Free Fly Film Fest
by Tazio Madliger
Slider Nr. 1/98
Après le grand succès du Free Fly Festival à Eloy, pour nombre de
participants et qualité des sauts, une autre idée intéressante proposée par les
éclatant Fly Boyz a réuni un bonne centaine de néo-speedfreaks pendant quatre jours à
Perris. L'idée était de produire une bonne quantité d'images marrantes à montrer aux
autres le soir et à présenter au concours-vidéo du festival. Le niveau général était
brillant: parfois les groupes se formaient à l'embarquement et souvent ils «briefaient»
sur l'avion. Et la tentation d'agrandir les groupes était de jour en jour plus pressante:
à quatre, à dix, jusqu'aux nombreux sauts à vingt et celui à trente. Remarquable le
sens de responsabilité: beaucoup de cypres, prudence sous voile, casques et altis
acoustiques.
La vidéo et l'histoire du free fly sont sans doute intimement liées: l'une
comme condition de possibilité même de la progression vertigineuse des nouvelles
techniques de vol de l'autre, et l'autre comme nouvelle dimension expressive de la
vidéographie créative. En effet dans la scène du «fun jumping», grâce à la
diffusion des nouvelles caméras digitales, très petites et légères, on assiste à une
grande divulgation de la vidéo. Ceci contribue évidemment à accroître le potentiel
technique et créatif des «fun jumpers», surtout en leur offrant le moyen pour analyser
et pour réfléchir sur leurs sauts. Et, comme il s'est passé au Film Festival de Perris,
l'«effet-vidéo» sera encore plus évident si dans le même saut il y a plusieurs
cameraflyers. Pour ainsi dire la vidéo affranchi le vol humain de sa propre réalité
éphémère et de la rapidité des rythmes de son exécution. Dans un certain sens la
vidéo, en prolongeant et multipliant notre activité au dela du temps et de l'espace
réels, augmente la valeur potentielle de chaque saut. Bien sûr elle n'est qu'un moyen,
un instrument... à nous de savoir nous en servir intelligemment et de traduire en
réalité ce qui nous est donné comme simple possibilité.

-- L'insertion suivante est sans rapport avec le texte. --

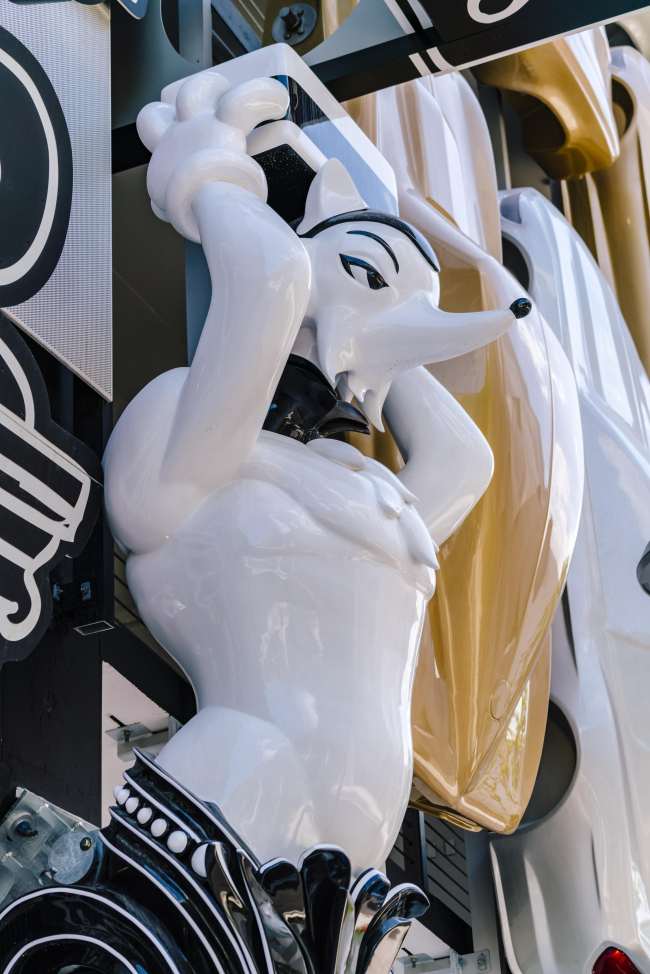 Museum Garage. ����� ������ �����. ���� � Miguel de Guzmán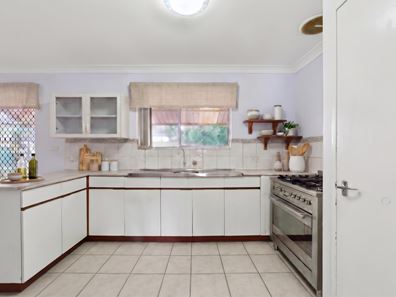9 Elvington Way, Thornlie WA 6108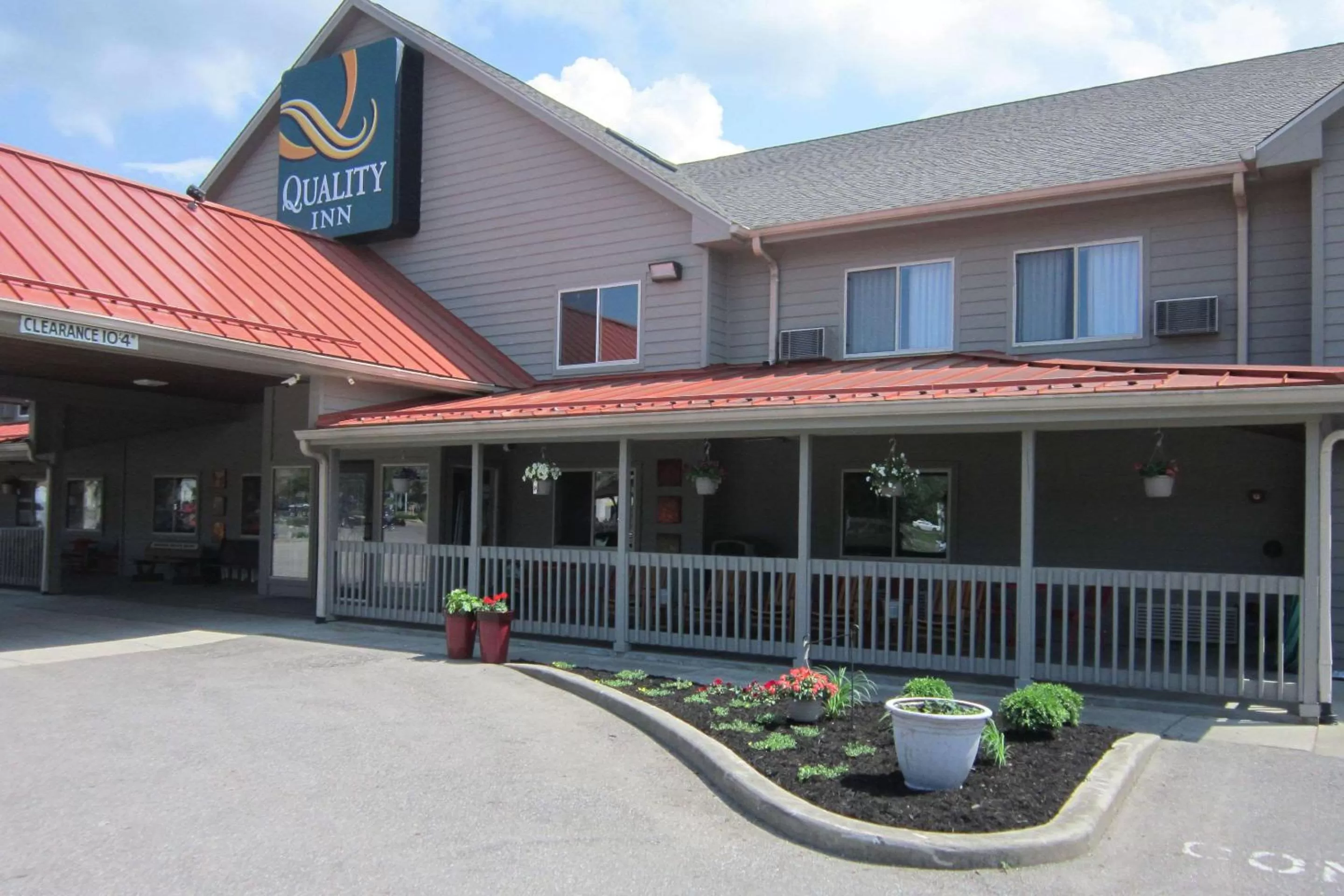 Property building in Quality Inn Nashville - Bloomington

Une autre conséquence de la grande diffusion des caméras concerne la façon
même de filmer. Pour ceux qui ont un minimum d'expérience-vidéo de qualité il est
clair qu'il faut choisir si voler ou filmer. L'une chose n'est pas sans compromis pour
l'autre. Mais voilà que les nouveaux speedfreaks qui sautent avec une caméra ont la
tendance à renverser l'ordre de priorité des termes: ils volent tout d'abord, puis si en
même temps ils ont récolté de bonnes séquences d'images, même si fragmentaires, tant
mieux. Ce qui importe le plus c'est de bien voler, et la récolte de matériel vidéo
passe presque en deuxième plan. Je dis «presque» car en vérité c'est plutôt la
réalisation personnelle-individuelle qui est devenue secondaire en faveur d'une
réalisation collective, plus productive et qui ne compromet pas trop le vol individuel.
Ce qu'on a vu au festival de Perris, comme à celui de Eloy, c'est sans
doute une préfiguration en grande échelle de la future scène du «fun jumping» qui va
bientôt, chez nous aussi, manifester toute sa force créative. Du côté du parachutisme
non-compétitif on a donc de bonnes raisons de s'attendre à un saut de qualité qui va
sensiblement réduire l'écart de niveau entre dilettantisme et compétition.